When however they pretend to be so-called servant-leaders as one former governor liked to be seen, leaders serving the people who put them in office, Nigerian politicians often expect to be praised for their execution of the most routine responsibilities. It was with such eye for public recognition that Ngozi Okonjo-Iweala, President Goodluck Jonathan’s Minister of Finance and Coordinating Minister of the Economy, once reported that most of them serving the former president were hypertensive. Much worse than they met it, is it any wonder that the Nigerian state is today like a hypertensive derelict?

No, one doesn’t need to be a trained magician to know that Mr. Kachikwu couldn’t have been having a ball all this while as minister of a volatile sector like petroleum resources. He has been kept hard on his toes by the unceasing scarcity of fuel and allied problems in the energy sector for most of the months he’s been in office. His honest effort to ‘unbundle’ NNPC in what he thought would be the right solution to some of the challenges of the oil industry led to a shut-down of the sector by oil workers just weeks ago. He hardly needs to make a roof-top proclamation of his efforts before Nigerians know he has not been sleeping. But he is not a novice to this sector and must be aware of what he was letting himself into when he accepted the offer of ministerial appointment. He therefore can’t afford to be offhanded and arrogant in his response to honest questions from Nigerians who have borne the brunt of the ugly energy crisis that has bedevilled the country for many months now.

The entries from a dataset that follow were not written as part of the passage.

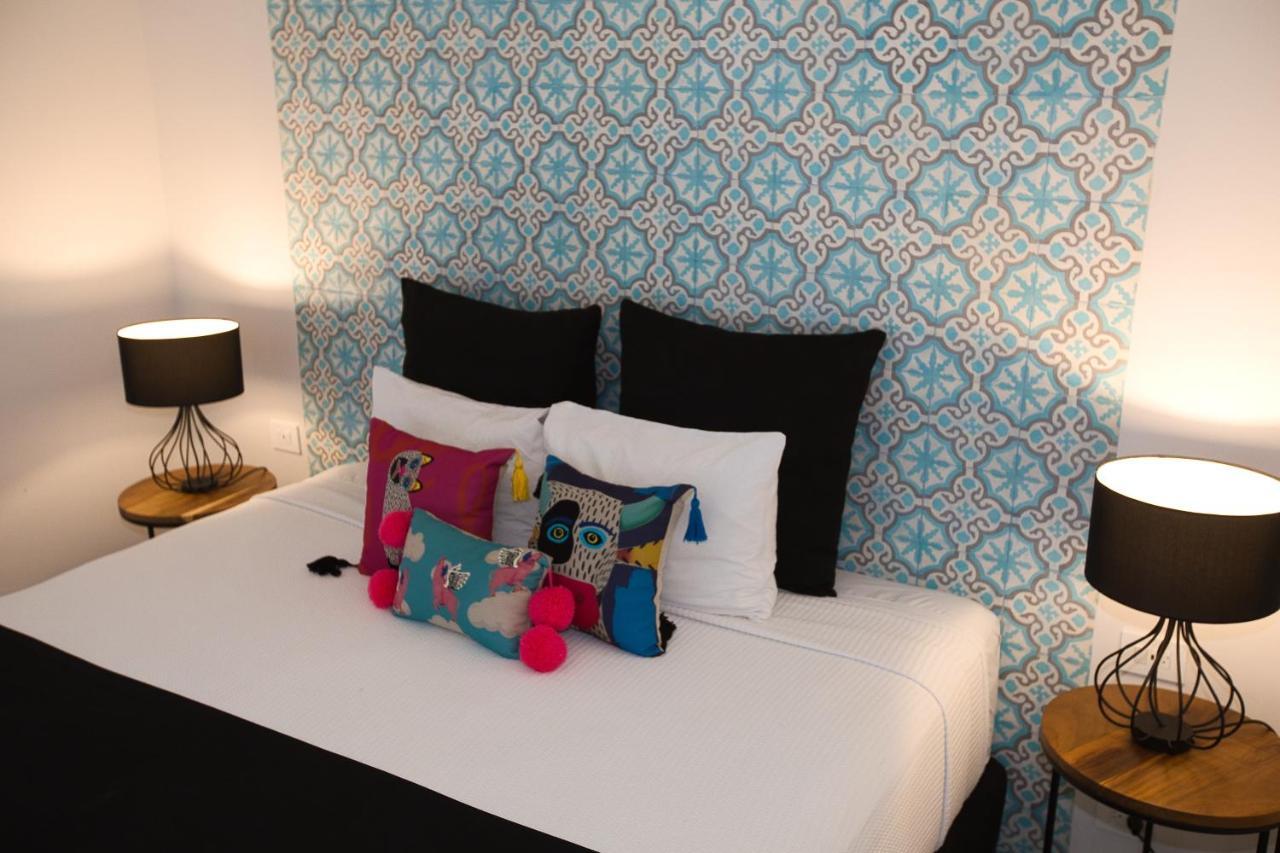 Hotel Casa Chukum Bacalar Exterior foto A bed with cushions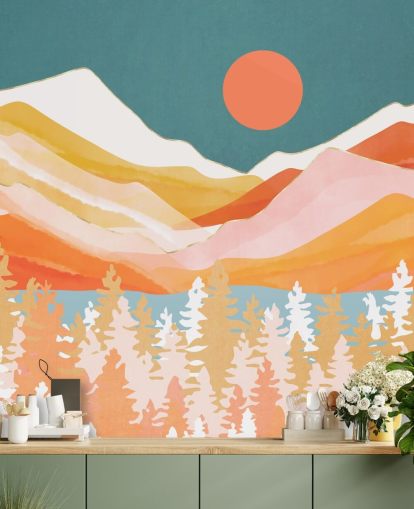 Orange and yellow mountains and forest with a teal sky and orange sun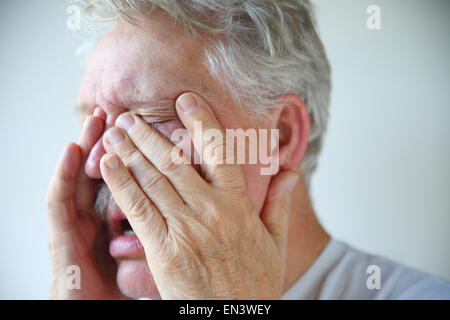 A senior man experiencing stuffy nose, clogged sinuses and headache of a bad flu or cold Stock Photo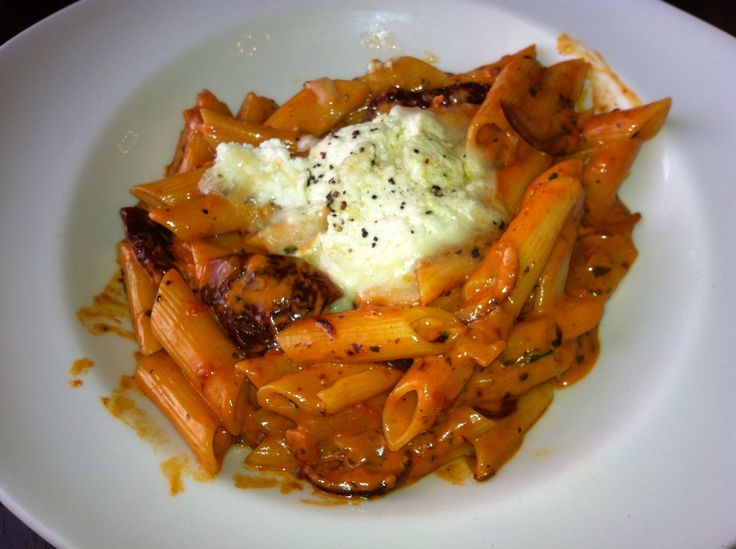 a white plate topped with pasta covered in sauce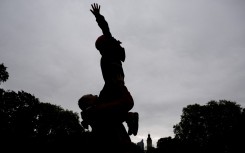 File: A father plays with his son in a park.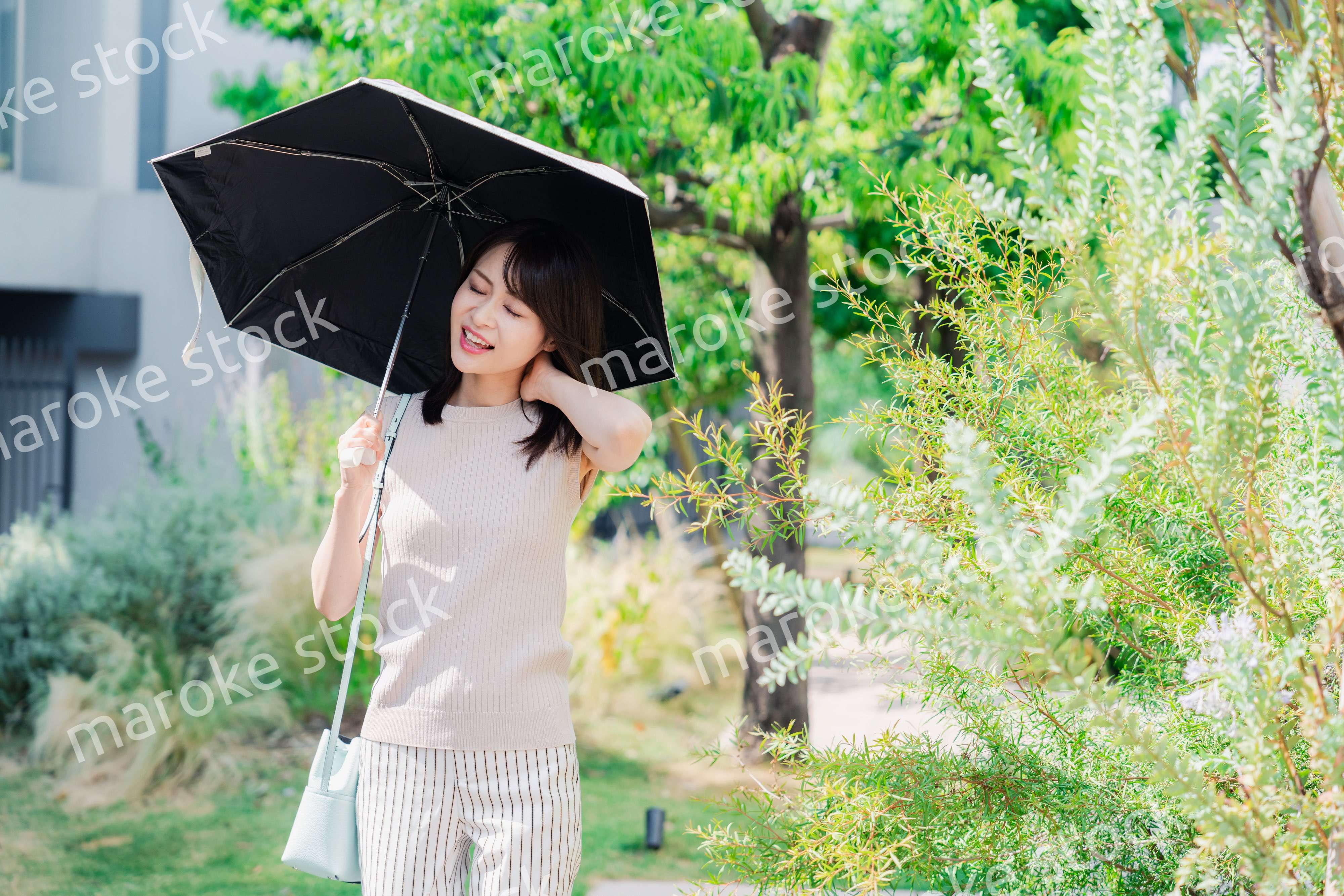 日傘を差して外を歩く若い女性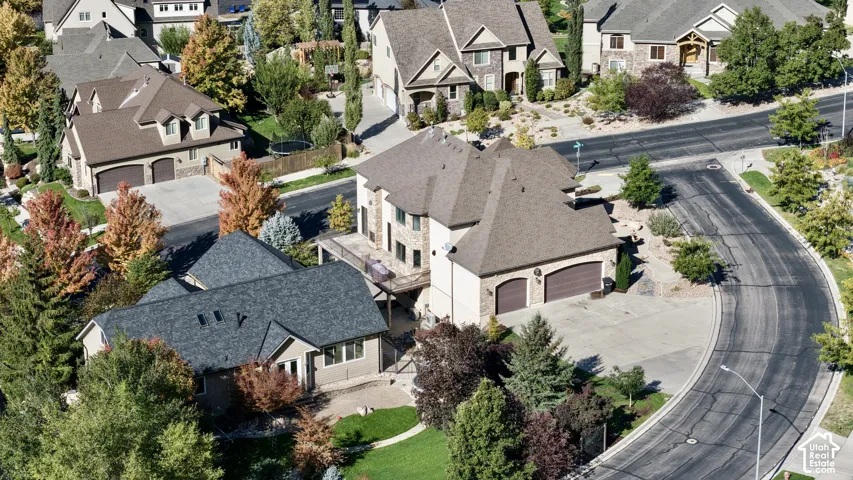 Aerial perspective featuring a multi-level residence with shingled roofing, a paved driveway, an attached garage, and a rear elevated deck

He may be a so-called junior minister, responsible to Muhammadu Buhari who as president also doubles as the substantive minister of Petroleum Resources- Kachikwu it may be argued is subordinate to Buhari (as are other ministers, let’s not forget), but he is ultimately in charge of the Petroleum Resources Ministry. Even when Nigerians have continually called Ministers of State ‘junior ministers’, this administration from the beginning made it clear that no such thing exists in its own thinking- a minister is a minister whether they are ‘of state’ or not.

Buhari’s designation is only symbolic, just a way to say that he has his eyes on what goes on in that all-important sector and can intervene at anytime. It is an ambiguous status that may make people demand with justice that he and not Kachikwu should answer for whatever lapses exist in that sector. But beyond the symbolism of Buhari’s position, Kachikwu actually runs the Ministry of Petroleum Resources. He is the expert on ground and should without quibbling provide answers to the questions being asked by Nigerians. Except he can show how Buhari’s position has hobbled his own efforts in which case he would have no business remaining a minister. It’s only in this sense can he choose to pass questions Nigerians genuinely demand answers to.

Public office must be frustrating for anyone with the desire to truly serve, much more so in a country like Nigeria where the conditions are rifest that make the best performer look truly mediocre. But no matter how frustrated a minister may be, Nigerians have been far more frustrated and longsuffering than they get credited for. The least a public servant -which one hopes Mr. Kachikwu still considers himself to be- can do is to ask for understanding not talk down at people as if they are nothing. Public office is not ‘by force’ and Mr. Kachikwu can show candour without being rude.